(Collected data)
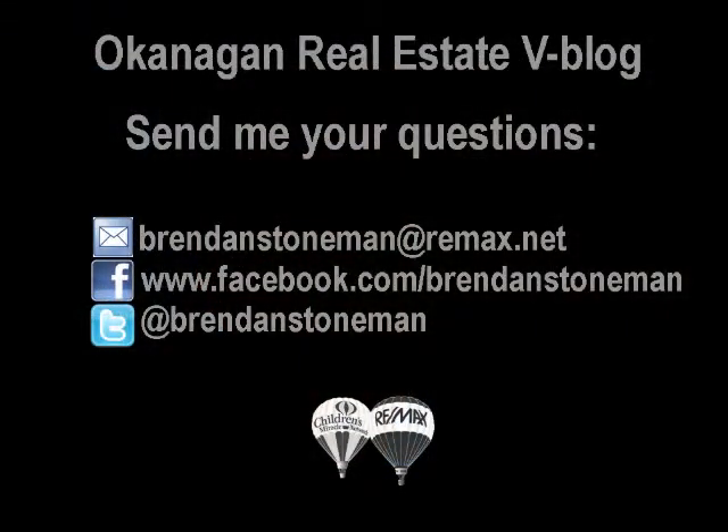Just wanted to point that out. If you have any questions about foreclosures, just shoot me an email at brendanstoneman@remax.net. I'd love to hear from you and we'll talk to you again soon. Take care, bye.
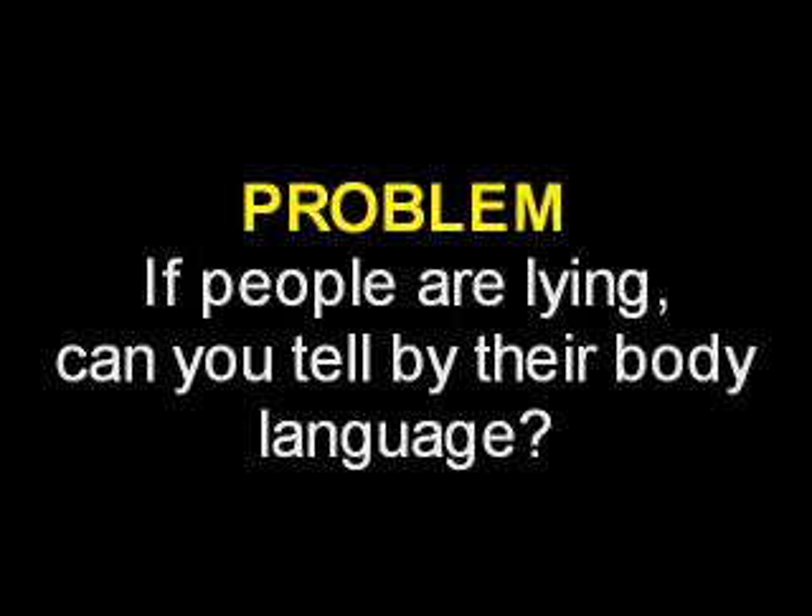Can body language help you determine if someone's lying? If people are lying, can you tell by their body language? Hypothesis: I believe when people are lying, they will mostly show it on their eyes and facial expressions.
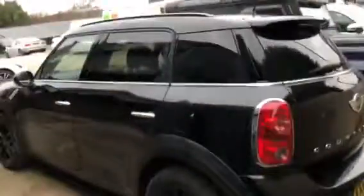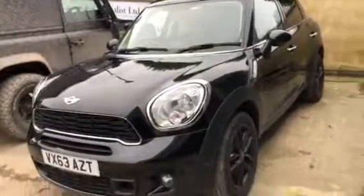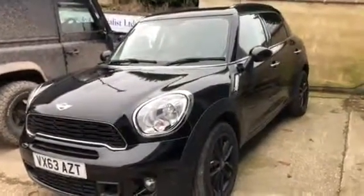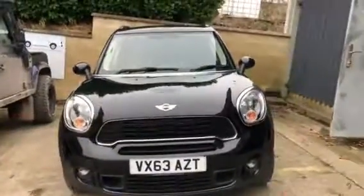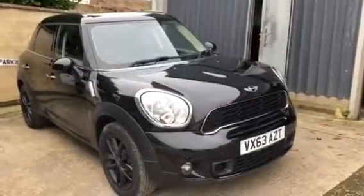It's available from Cross Country 4x4. Give us a ring on 01380 818311. We can help with financing on this car and we will consider it as a part exchange. Come and have a look and give it a try. Thank you.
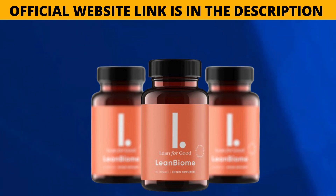If you want to find out more about Lean Biome, visit the official website — the link is in the description of this video. If you buy Lean Biome, you also get a big discount. I really hope this video has helped you. If you have any questions, please leave them in the comments. See ya later!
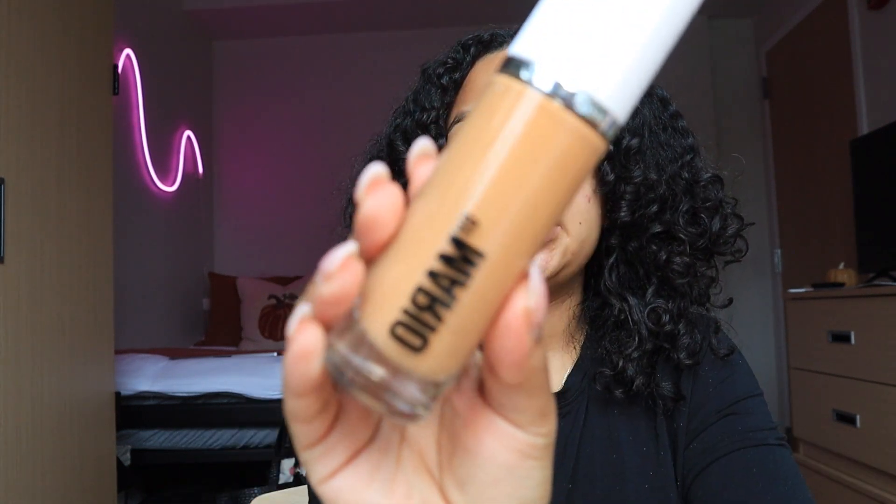I know this is not my correct shade — I think my correct shade is 13W, at least for right now because I'm very pale since it's winter time. This foundation was the last one they had; I had to get this shade because there were no other shades available.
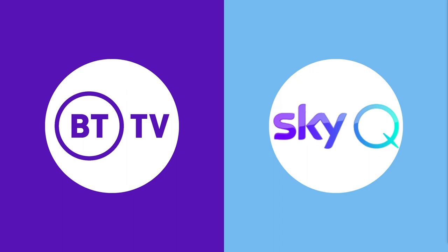Hello and welcome back to another video. Today we're going to be looking at both the BTTV Box Pro and also SkyQ to work out which is better. By the end of this video you're going to understand everything you need to know about both of these and you'll be able to make an informed decision about which one is right for you.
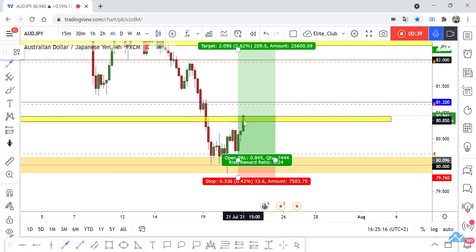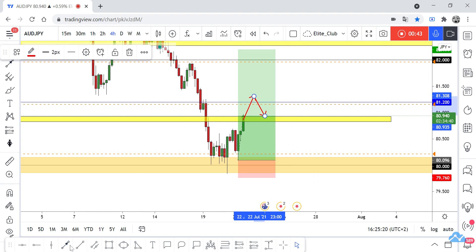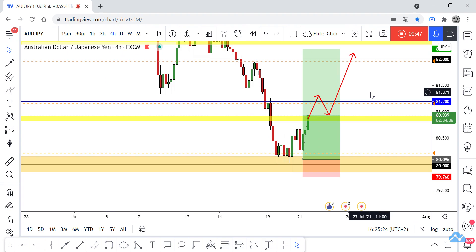If we have a closure above this blue line, it will be great confirmation that the price will continue to the upside and make a new higher high. Hope you all benefit from this amazing entry and make good profits. Anyone who entered this trade with me should close part of their contracts to trade safe.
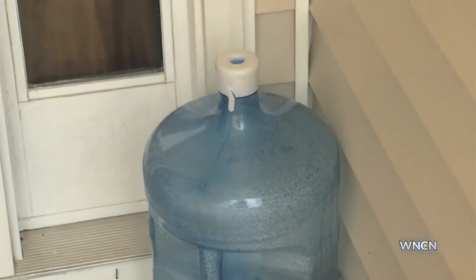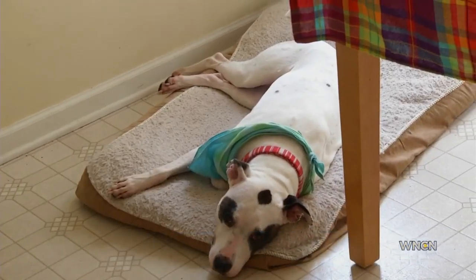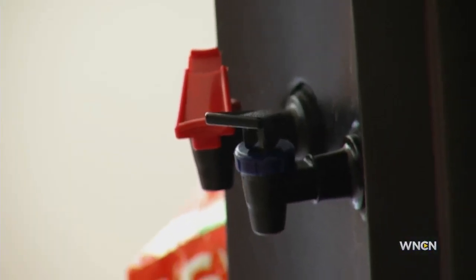Before we even speak to Ashley Aranda, we see evidence of her water struggle sitting on her porch. She said, "We started using crystal water — we just had that delivered just for drinking purposes and cooking purposes." Now even their dog, Target, gets filtered water. They've been going through about 25 gallons a month since they moved in seven years ago.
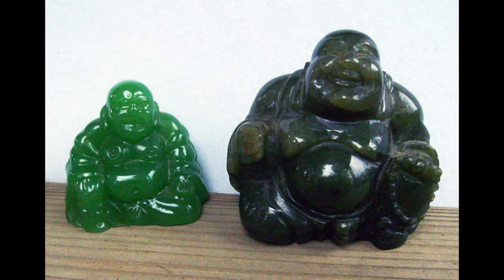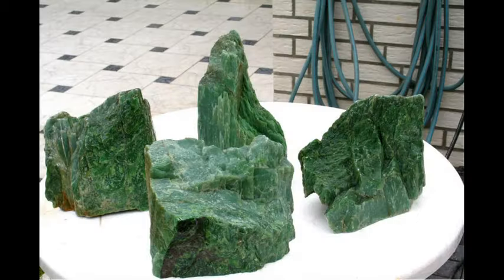Nephrite jade is historically significant, being a highly prized favorite mineral to the Chinese and the Maori people of New Zealand. It's also locally important in Neolithic Europe and Southeast Asia, as well as prehistoric and historic India and Korea. Mesoamerica, on the other hand, favored jadeite.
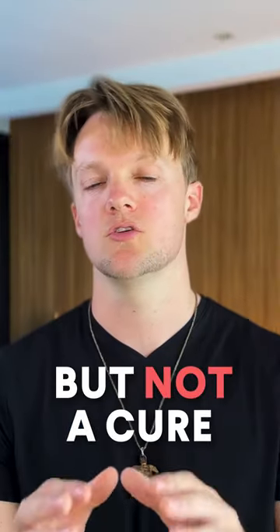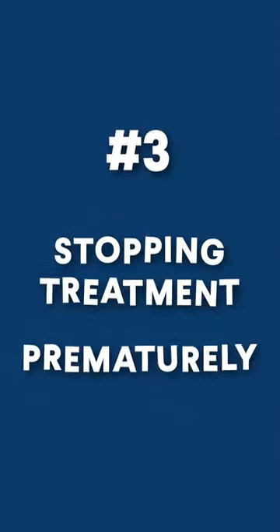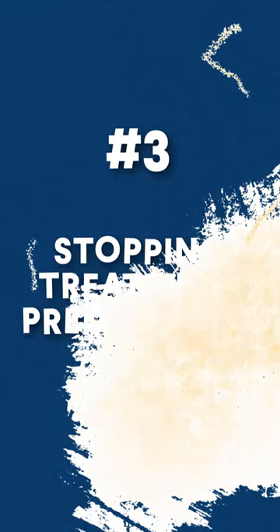Minoxidil is a treatment, but not a cure for hair loss. Number three: stopping the treatment prematurely. Before the three-month mark, it's not really possible to determine if the treatment is having an effect or not.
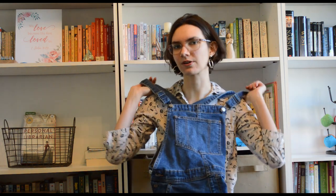Hi, Style Squad. It's your girl, Tabby, and I have some ideas on how to style one of my favorite things to wear recently: overalls.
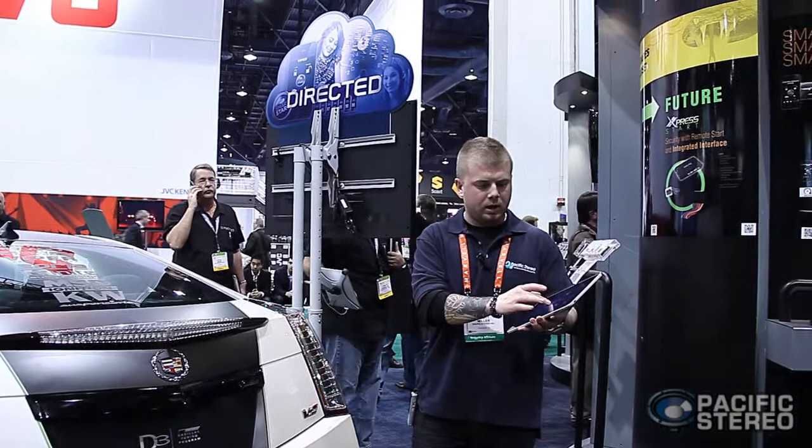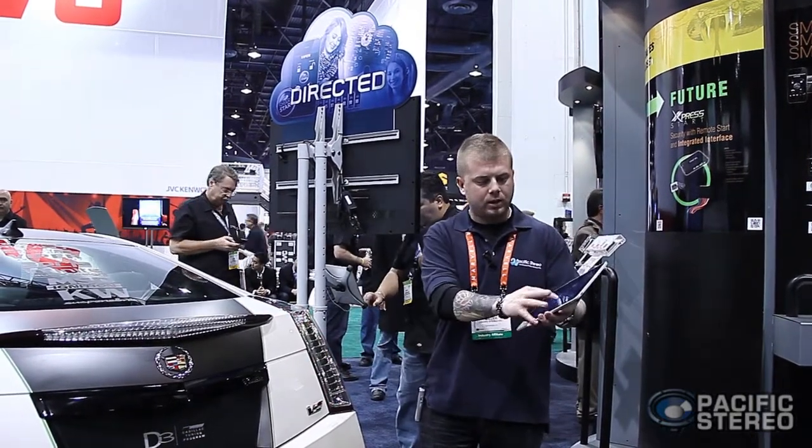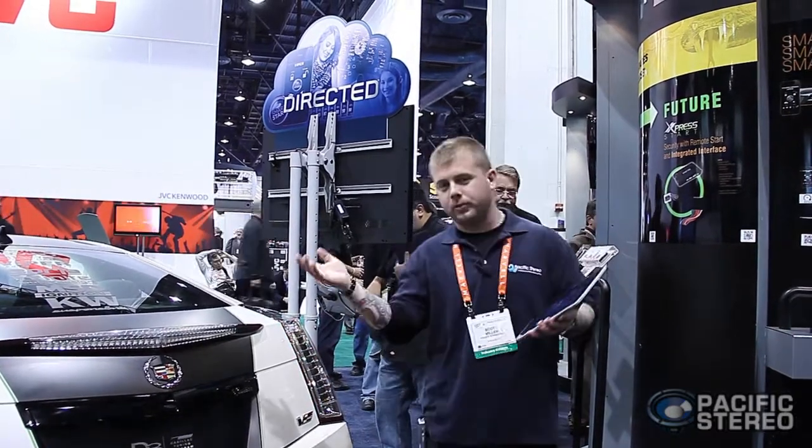As you can see here, the lock feature is going to be the same. Unlock feature — the same thing. A beautiful Cadillac CTS was provided for us to demonstrate. This is going to be the new product available at PacificStereo.com by Directed. It's going to be the Smart Start BT, so go ahead and check it out on our website.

▶ [Aim of the exercise]
Your answer should be the lines above, word for word, from the line with "It's available from" through the line with "Hello and welcome", minus the pictures.

▶ [Worked solution]
It's available from Cross Country 4x4. Give us a ring on 01380 818311. We can help with financing on this car and we will consider it as a part exchange. Come and have a look and give it a try. Thank you.
If you want to find out more about Lean Biome, visit the official website — the link is in the description of this video. If you buy Lean Biome, you also get a big discount. I really hope this video has helped you. If you have any questions, please leave them in the comments. See ya later!
I know this is not my correct shade — I think my correct shade is 13W, at least for right now because I'm very pale since it's winter time. This foundation was the last one they had; I had to get this shade because there were no other shades available.
Hello and welcome back to another video. Today we're going to be looking at both the BTTV Box Pro and also SkyQ to work out which is better. By the end of this video you're going to understand everything you need to know about both of these and you'll be able to make an informed decision about which one is right for you.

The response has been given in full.